Giving Compass' Take:

• New Profit shares insights from their six-year-long education initiative undertaken with the help of several partners to lift up underserved students. 

• How can other funders use this information to guide future education undertakings? What could an intervention like this one mean for schools in your community? 

• Read lessons for philanthropists interested in funding education


At the end of 2018, New Profit wrapped up a six-year initiative called Reimagine Learning, which aimed to chart new pathways towards reaching the paramount goal of helping the most underserved students succeed in school and life.

Why did Reimagine Learning matter? Reimagine Learning represented an effort to build out new, nascent, and relatively untested ideas that nonetheless had, and still have, huge potential across the U.S. education system. The first key feature was bringing together formerly disparate communities—particularly those focused on serving students with learning differences and those focused on bringing social emotional learning to classrooms—to think about how much more aligned they are than competitive, and collaborate on solutions that could matter for all students. The second and related idea was that new advances in our understanding of behavioral neuroscience and how children learn needed to be brought out of academia and research institutions and into practice in classrooms and schools.

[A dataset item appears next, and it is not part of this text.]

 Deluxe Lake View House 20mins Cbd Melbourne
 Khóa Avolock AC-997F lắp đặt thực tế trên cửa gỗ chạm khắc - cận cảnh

What did Reimagine Learning achieve? With partnership from our lead funder, the Peter and Elizabeth C. Tower Foundation, and our supporting funders, Poses Family Foundation, Oak Foundation, the Bill & Melinda Gates Foundation, and Carnegie Corporation of New York, Reimagine Learning deployed $38 million to build a coalition of 700 education leaders and coordinate their activities in a few key ways:

  • Funding and advising 25 high-potential organizations led by visionary social entrepreneurs that collectively serve over 7 million students to help them scale their innovations and enhance their organizational capacity and sustainability, with an eye toward helping them better address the needs of underserved students.
  • Driving practitioner-led federal and state policy advocacy to advance public policies that support the success of the most underserved students, including successfully advocating for key provisions in the Every Student Succeeds Act (ESSA) that reflected Reimagine Learning’s emphasis on personalized learning, equity, and access.
  • Developing proof points of districts and schools that are fundamentally transforming to better support all students, particularly the most underserved.